What you need to do: Only an exact repeat of the listing, without its images, counts as the answer.
________________________________________
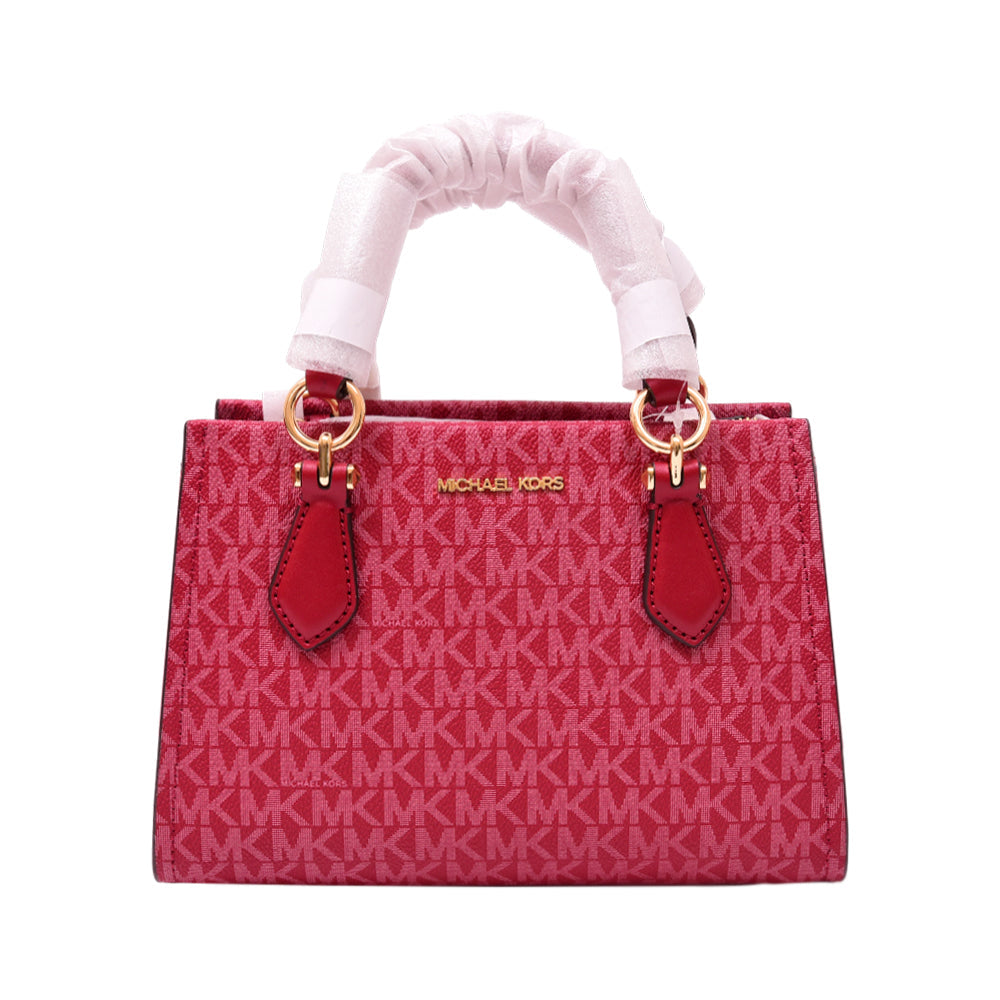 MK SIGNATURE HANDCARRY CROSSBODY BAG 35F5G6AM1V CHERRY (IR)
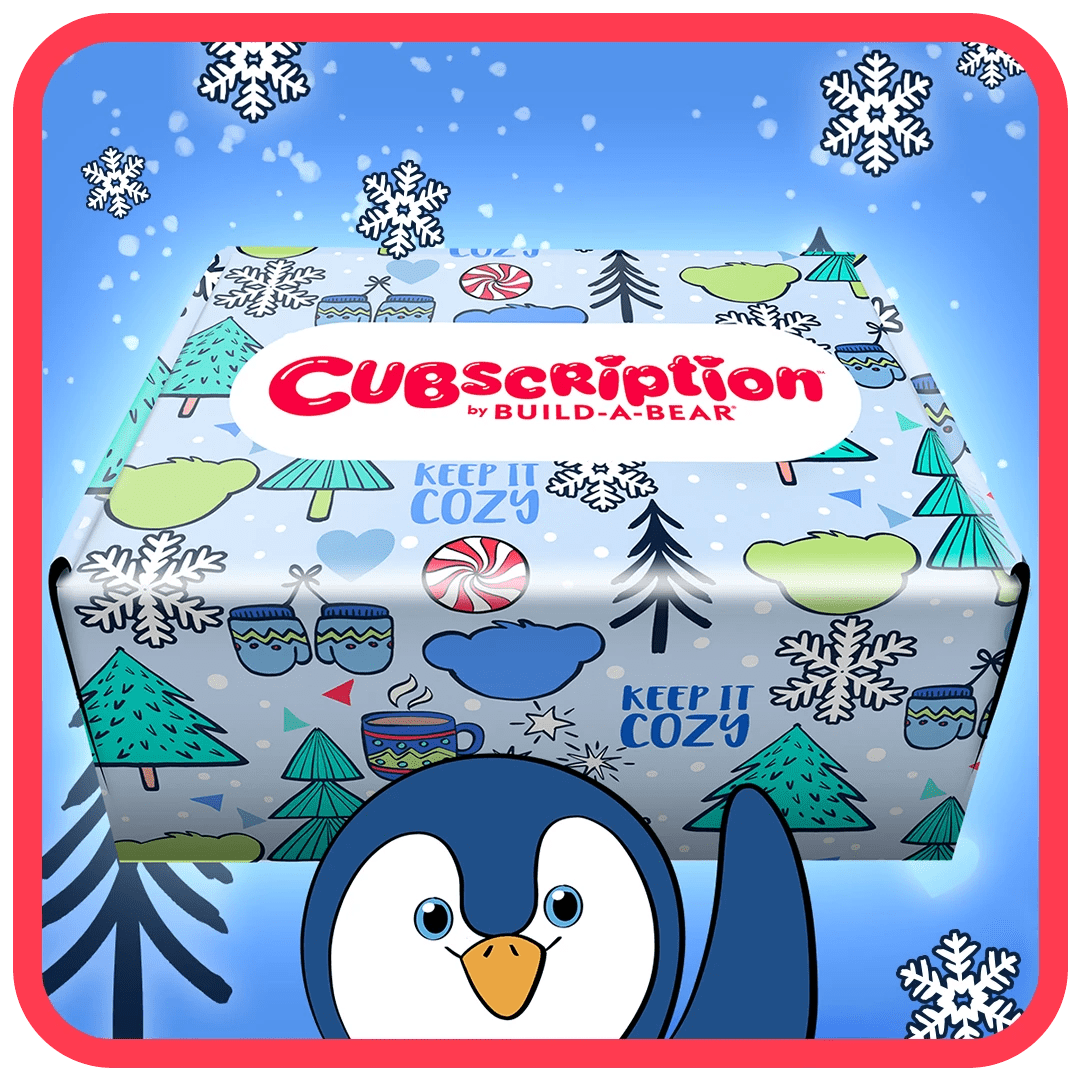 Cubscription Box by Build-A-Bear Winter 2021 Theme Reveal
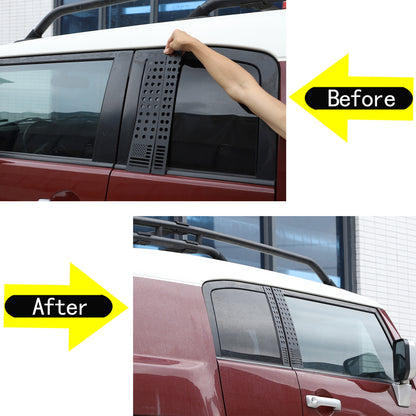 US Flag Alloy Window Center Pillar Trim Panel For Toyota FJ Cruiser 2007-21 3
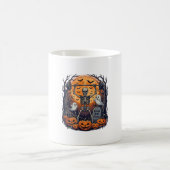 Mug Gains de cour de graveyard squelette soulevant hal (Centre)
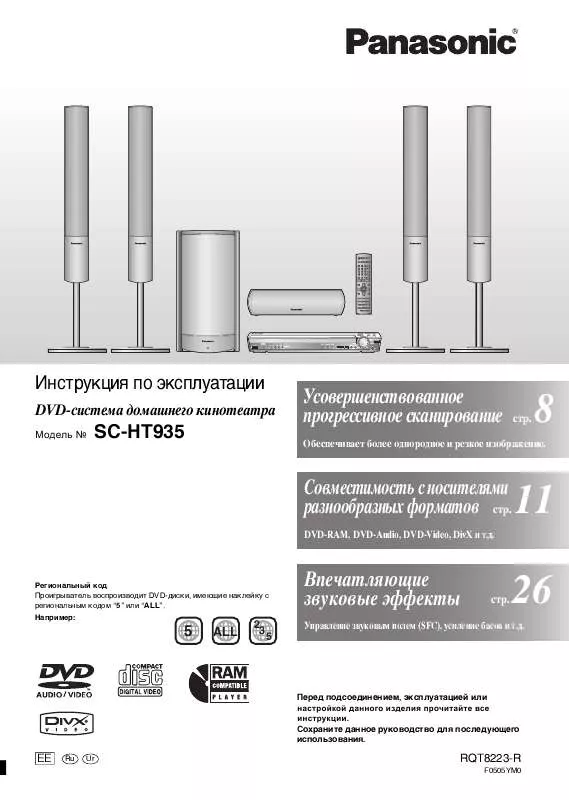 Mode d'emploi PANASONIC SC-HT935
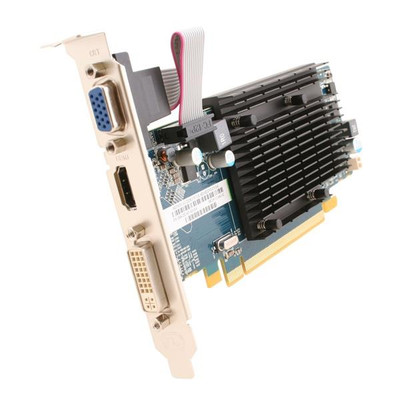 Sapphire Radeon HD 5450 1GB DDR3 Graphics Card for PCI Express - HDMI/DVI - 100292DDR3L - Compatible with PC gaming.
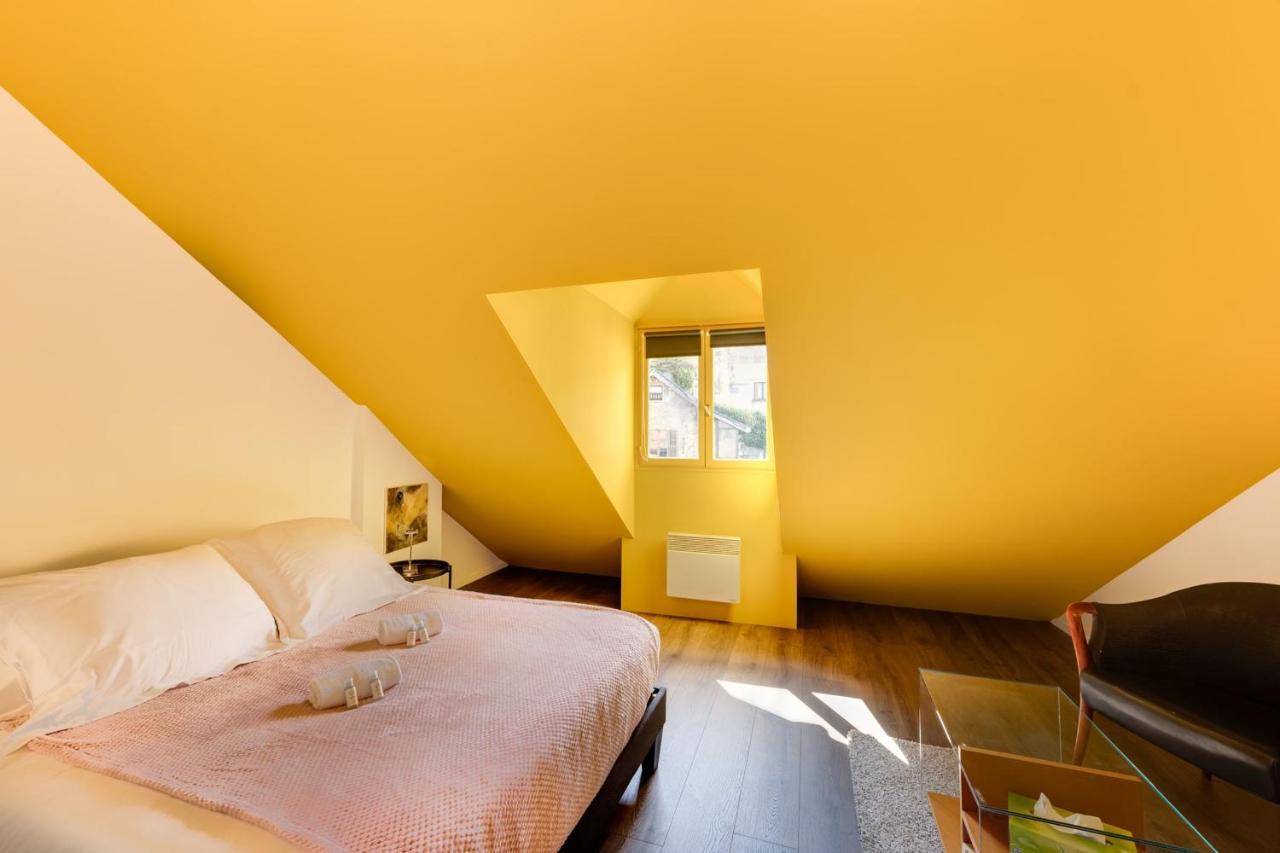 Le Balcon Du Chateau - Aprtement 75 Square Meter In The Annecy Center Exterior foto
________________________________________
Response box:
 MK SIGNATURE HANDCARRY CROSSBODY BAG 35F5G6AM1V CHERRY (IR)
 Cubscription Box by Build-A-Bear Winter 2021 Theme Reveal
 US Flag Alloy Window Center Pillar Trim Panel For Toyota FJ Cruiser 2007-21 3
 Mug Gains de cour de graveyard squelette soulevant hal (Centre)
 Mode d'emploi PANASONIC SC-HT935
 Sapphire Radeon HD 5450 1GB DDR3 Graphics Card for PCI Express - HDMI/DVI - 100292DDR3L - Compatible with PC gaming.
 Le Balcon Du Chateau - Aprtement 75 Square Meter In The Annecy Center Exterior foto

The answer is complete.